Árbol a árbol, talando sin cesar sus bosques, fueron quedándose sin
fauna, sin flora y sin recursos. Con tal destrucción les llegó la
hambruna, dada la erosión del suelo y la falta de madera, de tal forma
que de 100.000 habitantes apenas llegaban después a 7.000. En Rapa Nui
no quedaron bosques, animales y apenas seres humanos, pero sobre todo
desapareció la identidad de un pueblo: la historia tiene de vez en
cuando silenciosos agujeros negros que engullen todo lo que encuentran
(en este caso, el pueblo y la cultura del pueblo de la isla de Pascua).
En otro orden de cosas, actualmente se está produciendo en nuestro
país un fenómeno análogo: en aras de la reducción de la deuda y del
déficit por orden de los dioses del mercado, se ofrece a la población
como única salida recortar uno a uno, gota a gota, árbol a árbol,
servicios básicos en educación, sanidad y otros ámbitos sociales,
necesarios para hacer realidad unos derechos fundamentales,
constitutivos del estado del bienestar. Como botones de muestra,
reducción o congelación del sueldo y horario del profesorado, ratio
alumnos/aula, personal de atención a la diversidad, refuerzo de la red
privada de enseñanza en detrimento de la pública, amnistía fiscal,
copagos en farmacia y atención sanitaria, rescates bancarios con el
dinero de todos, congelación de pensiones o subida de las mismas por
debajo del coste de la vida, precarización del contrato laboral,
reducción drástica salarial y de los derechos laborales…
Una sociedad puede colapsar también por puro embrutecimiento, por
simple alienación de sí misma. En la Ley de Murphy se aconseja que si se
está dentro de un agujero, se deje de cavar. Por lo mismo, si un país
está en crisis, económica o de cualquier otro tipo, no hay que ir
segando la hierba bajo los pies, talando árboles, perpetrando recortes.
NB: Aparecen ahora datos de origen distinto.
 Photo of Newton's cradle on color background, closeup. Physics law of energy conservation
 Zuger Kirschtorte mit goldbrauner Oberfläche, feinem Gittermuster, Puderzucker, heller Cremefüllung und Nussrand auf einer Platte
La deuda pública española representa solo el 23% de la deuda nacional,
el resto corresponde al endeudamiento privado, principalmente de las
grandes empresas y entidades financieras. Sin embargo, el peso de las
medidas gubernamentales para atajar la crisis recae fundamentalmente
sobre la ciudadanía trabajadora y asalariada, así como en los millones
de desempleados, disparándose la diferencia entre una minoría muy rica y
los estratos sociales más crecientemente depauperados. También eso
conduce al colapso de un pueblo, al marasmo de su gente.
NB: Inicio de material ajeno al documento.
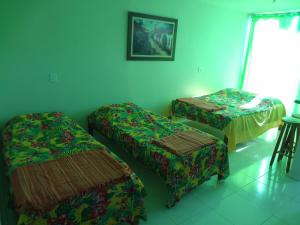 um quarto com duas camas e uma mesa e cadeiras em Flat Paraty Studio em Paraty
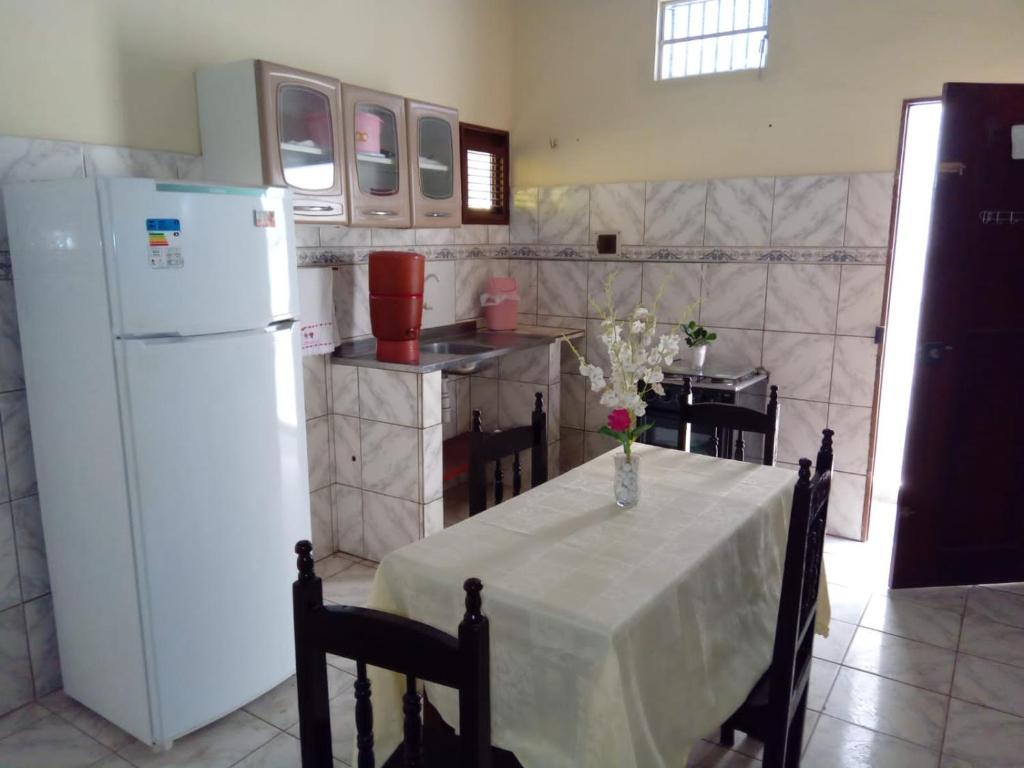 a kitchen with a table and a white refrigerator at Aconchego da Vó in Barreirinhas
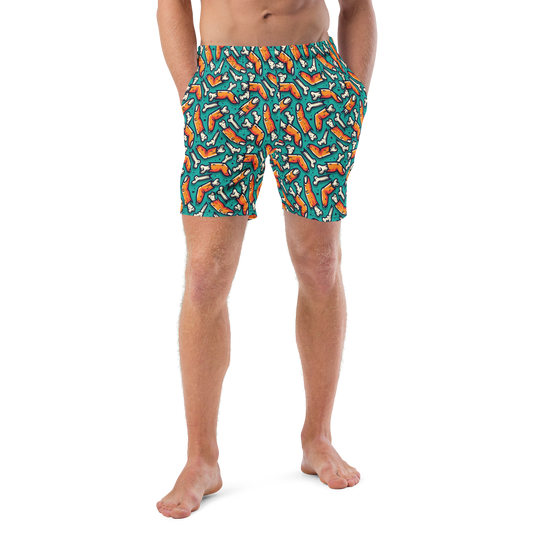 Person wearing colorful Halloween organic swim trunks with a zombie fingers pattern on a transparent background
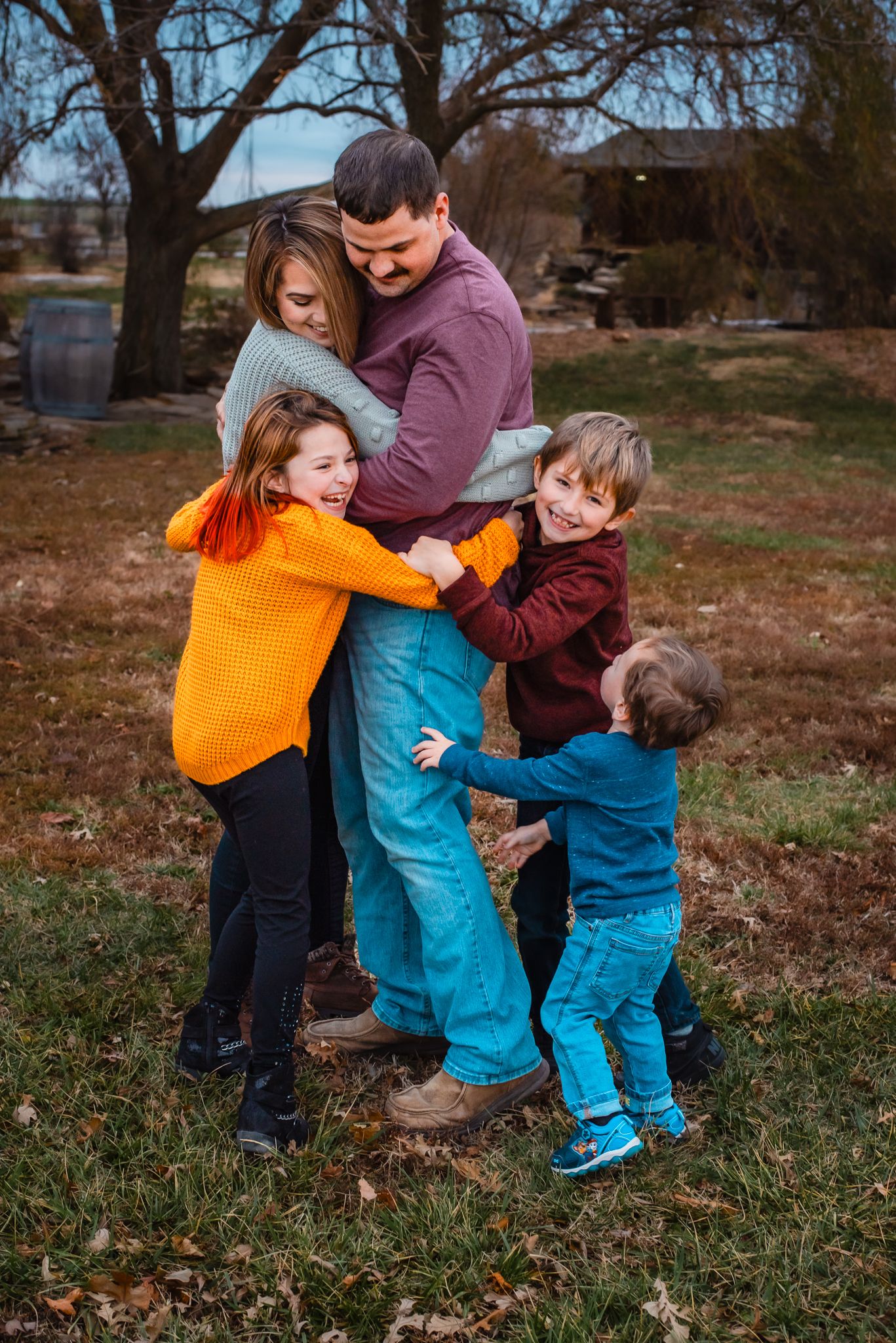Family playing and hugging together on grass during autumn season.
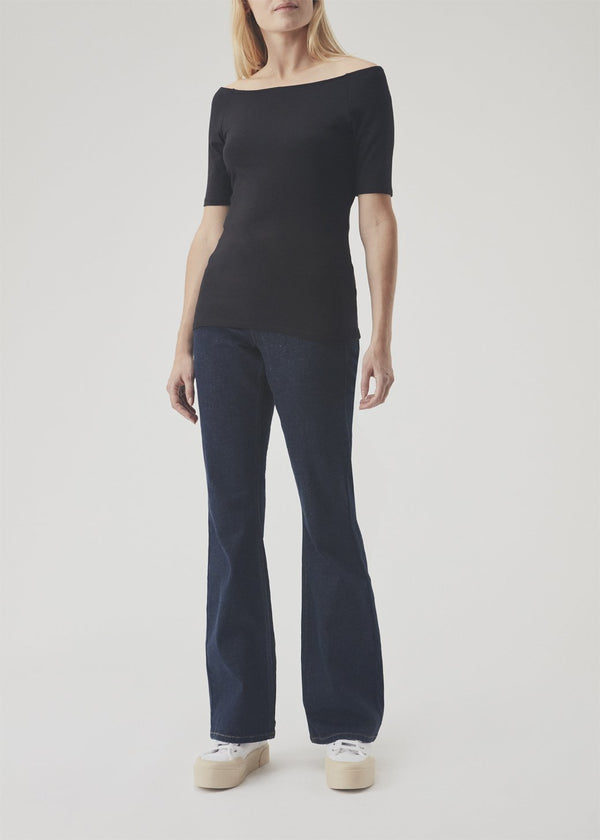 Tansy top has a simple look with a wide neckline at front and back and narrow sleeves. The top is slim fit without being tight. A basic must-have style in your waredrobe.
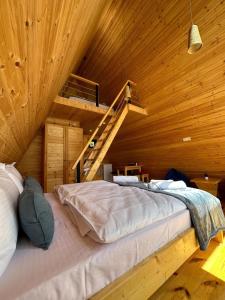Postel nebo postele na pokoji v ubytování Cozy Cottages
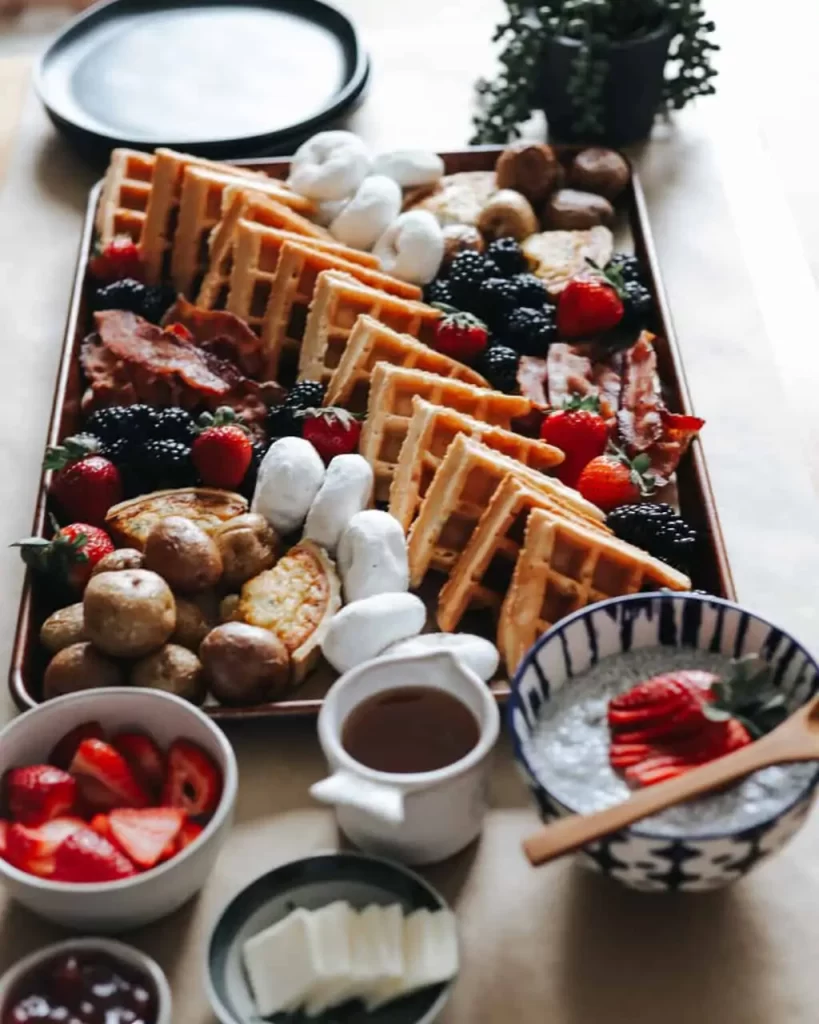 A charcuterie board with waffles, strawberries, marcshnellows, donuts, chocolate icing.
Dice el presidente del Gobierno español y del Partido Popular,
Mariano Rajoy, que “el crecimiento económico y la creación de trabajo”
exigen muchos sacrificios, pero el pueblo no atisba el menor brote verde
de crecimiento y de trabajo. Rajoy pide un acto de fe: el barco está en
grave peligro de hundirse, pero a medio o largo plazo todo quedará
solucionado. Es decir, espera que el pueblo se crea que vivirá pronto en
un paraíso de exuberante vegetación y riqueza, pero que de momento debe
aguantar que cada mañana vengan con la sierra mecánica a talar más
árboles.
Según el historiador británico Arnold J. Toynbee, la quiebra de una
civilización es producto principalmente del quebranto de lo que denomina
“minoría creativa”, la cual posee una visión de una nueva sociedad,
adecuada para hacer frente a las necesidades y los desafíos existentes, y
que va degenerando en una “minoría dominante”, que fuerza a obedecer a
la mayoría sin merecer ni justificar esa obediencia.
Pocos dudarán ya de que las soberanías nacionales están siendo
suplantadas por una minoría dominante, por una oligocracia económica,
financiera y especuladora, que, como en Rapa Nui, se cree el ombligo del
mundo, pero en realidad depreda y saquea el mundo con violencia y
destrozo. ¿Seremos capaces de destruir sus fábricas de máquinas
aserradoras y hacer frente a quienes están talando nuestros bosques
antes de que llegue la deforestación final?